1. Introduction
The foundation of education in engineering and science lies in going beyond theoretical knowledge to attain practical expertise through hands-on, practical learning [
1,
2,
3]. Laboratory experiments are key conditions that allow students to interact with physical systems, confirm the principles of theory, and acquire critical troubleshooting techniques [
4]. In fields such as electrical engineering, building, testing, and debugging circuits are a core skill these days. Nevertheless, the conventional pedagogy of labs experiences challenges due to the growing proportion of students to instructors, the spread of remote and hybrid modes of learning, and the lack of meeting the demand of real-time feedback to every individual student, which is the cause for significant disparity between learning goals and the results that are possible [
5,
6].
To address these problems, technology-enhanced learning tools are increasing as an encouraging channel of scaling educational quality, including virtual and remote laboratories, which are more accessible and repeatable, which means that students can perform experiments without physical space and time constraints [
7,
8]. Although useful, such methods tend to dematerialize the physical system interactions and even sometimes the unsightly reality of breadboard wiring and component variability and the realities of mere measurement, which are central to a complete engineering education [
9]. On the other hand, the traditional physical laboratories provide the student with a lot of experiential value, but once the student faces a challenge, they are left behind with no immediate help until the instructors arrive to diagnose the problem [
10], which is also sometimes not scalable due to the class student ratio.
Internet of Things (IoT), developed sensor technologies, and Artificial Intelligence (AI) have become a transformative opportunity to fill this gap [
11,
12,
13]. Physical laboratory equipment can be instrumented using IoT sensors to provide real-time and high-fidelity data on student activities and system status.

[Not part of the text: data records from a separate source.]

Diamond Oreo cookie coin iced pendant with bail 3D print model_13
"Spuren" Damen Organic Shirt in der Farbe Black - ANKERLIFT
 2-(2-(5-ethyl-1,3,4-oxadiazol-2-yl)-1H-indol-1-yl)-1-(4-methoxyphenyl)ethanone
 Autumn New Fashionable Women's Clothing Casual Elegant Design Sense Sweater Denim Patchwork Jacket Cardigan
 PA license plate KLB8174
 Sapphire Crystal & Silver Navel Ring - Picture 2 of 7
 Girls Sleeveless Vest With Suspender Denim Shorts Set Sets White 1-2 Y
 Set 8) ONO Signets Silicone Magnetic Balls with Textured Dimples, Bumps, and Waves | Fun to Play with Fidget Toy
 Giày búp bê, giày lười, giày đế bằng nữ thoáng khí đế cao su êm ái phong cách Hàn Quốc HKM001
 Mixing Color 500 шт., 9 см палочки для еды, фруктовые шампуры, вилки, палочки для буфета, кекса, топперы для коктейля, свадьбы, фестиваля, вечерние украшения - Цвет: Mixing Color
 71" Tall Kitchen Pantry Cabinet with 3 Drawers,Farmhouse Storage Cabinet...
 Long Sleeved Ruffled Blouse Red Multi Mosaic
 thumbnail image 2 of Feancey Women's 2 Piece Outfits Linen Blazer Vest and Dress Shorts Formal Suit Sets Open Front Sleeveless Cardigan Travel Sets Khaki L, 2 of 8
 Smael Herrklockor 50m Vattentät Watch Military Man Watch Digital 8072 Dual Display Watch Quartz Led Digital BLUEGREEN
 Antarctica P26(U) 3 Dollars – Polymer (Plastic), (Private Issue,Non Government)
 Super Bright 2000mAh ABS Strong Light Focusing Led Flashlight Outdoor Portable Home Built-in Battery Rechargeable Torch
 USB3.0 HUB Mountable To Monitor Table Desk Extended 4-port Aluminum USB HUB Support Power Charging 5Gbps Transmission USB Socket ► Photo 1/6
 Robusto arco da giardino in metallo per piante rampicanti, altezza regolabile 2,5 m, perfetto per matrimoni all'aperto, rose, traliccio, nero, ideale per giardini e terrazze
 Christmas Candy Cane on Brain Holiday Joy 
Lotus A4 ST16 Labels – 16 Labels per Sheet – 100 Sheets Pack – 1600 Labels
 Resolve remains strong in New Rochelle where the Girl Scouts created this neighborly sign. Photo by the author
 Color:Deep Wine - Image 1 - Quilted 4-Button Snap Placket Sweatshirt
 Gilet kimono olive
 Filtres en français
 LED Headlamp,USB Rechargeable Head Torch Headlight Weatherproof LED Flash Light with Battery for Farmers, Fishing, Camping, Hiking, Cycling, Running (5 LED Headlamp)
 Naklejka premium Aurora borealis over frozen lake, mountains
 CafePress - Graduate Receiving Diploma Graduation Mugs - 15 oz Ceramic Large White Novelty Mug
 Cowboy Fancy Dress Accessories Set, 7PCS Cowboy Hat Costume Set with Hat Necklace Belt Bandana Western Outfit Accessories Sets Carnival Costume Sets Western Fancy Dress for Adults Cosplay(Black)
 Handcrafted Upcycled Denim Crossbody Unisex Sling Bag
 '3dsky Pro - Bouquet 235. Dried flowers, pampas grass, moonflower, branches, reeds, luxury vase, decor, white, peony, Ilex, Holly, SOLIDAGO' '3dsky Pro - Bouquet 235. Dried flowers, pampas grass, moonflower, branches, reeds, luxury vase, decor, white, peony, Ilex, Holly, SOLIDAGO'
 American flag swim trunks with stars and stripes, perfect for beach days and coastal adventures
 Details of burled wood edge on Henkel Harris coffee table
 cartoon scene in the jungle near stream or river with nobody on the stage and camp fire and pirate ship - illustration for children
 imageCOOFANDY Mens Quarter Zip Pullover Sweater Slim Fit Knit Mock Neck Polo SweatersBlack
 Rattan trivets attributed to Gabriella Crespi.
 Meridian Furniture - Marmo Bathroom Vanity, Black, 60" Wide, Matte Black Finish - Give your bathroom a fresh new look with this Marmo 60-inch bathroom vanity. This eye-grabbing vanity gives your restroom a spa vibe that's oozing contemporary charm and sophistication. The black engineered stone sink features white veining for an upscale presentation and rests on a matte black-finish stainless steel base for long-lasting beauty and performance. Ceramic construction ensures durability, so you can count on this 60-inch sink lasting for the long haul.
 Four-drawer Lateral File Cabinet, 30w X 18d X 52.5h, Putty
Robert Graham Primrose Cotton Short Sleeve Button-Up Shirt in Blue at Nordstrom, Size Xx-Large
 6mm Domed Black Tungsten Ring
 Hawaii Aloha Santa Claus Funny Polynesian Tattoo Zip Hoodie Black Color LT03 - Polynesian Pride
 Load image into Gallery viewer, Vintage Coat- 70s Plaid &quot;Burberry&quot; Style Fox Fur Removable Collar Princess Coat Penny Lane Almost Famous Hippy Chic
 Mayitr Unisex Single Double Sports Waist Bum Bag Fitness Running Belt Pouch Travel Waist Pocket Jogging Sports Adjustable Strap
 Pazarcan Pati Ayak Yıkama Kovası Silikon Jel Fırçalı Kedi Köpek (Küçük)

This multimodal data stream can be analyzed by AI algorithms, especially machine learning, to determine the student’s progress, diagnose errors, and provide adaptive scaffolding [
14]. This synergy allows the development of a smart learning environment, which offers the advantages of individual tutoring in the framework of an authentic and real-world experimentation [
15]. Earlier studies have investigated the use of applications like Intelligent Tutoring Systems in programming [
16] and the assessment of student strategies in virtual labs based on data [
17]. While components exist, a gap remains for an integrated, real-time framework that successfully couples low-latency physical fault diagnosis (via Edge AI) with personalized, conceptual guidance (via an LLM) for safety-critical hands-on labs [
18,
19].
One of the main problems with the creation of such intelligent systems is that they require strong, labeled datasets to train AI systems. Supervised learning techniques that have been extremely effective in the classification exercise demand large volumes of data of both correct and incorrect procedures [
20]. In learning institutions, human subjects present logistical, ethical, and scale challenges in the collection of this data. This research attempts to overcome this difficulty using the notion of high-fidelity simulation as an institutionalized approach to synthetic data generation. With industry-standard simulation software, large datasets of sensor reads can be produced, which can be used to represent a large range of circuit states, including correctly built circuits up to those with typical student errors.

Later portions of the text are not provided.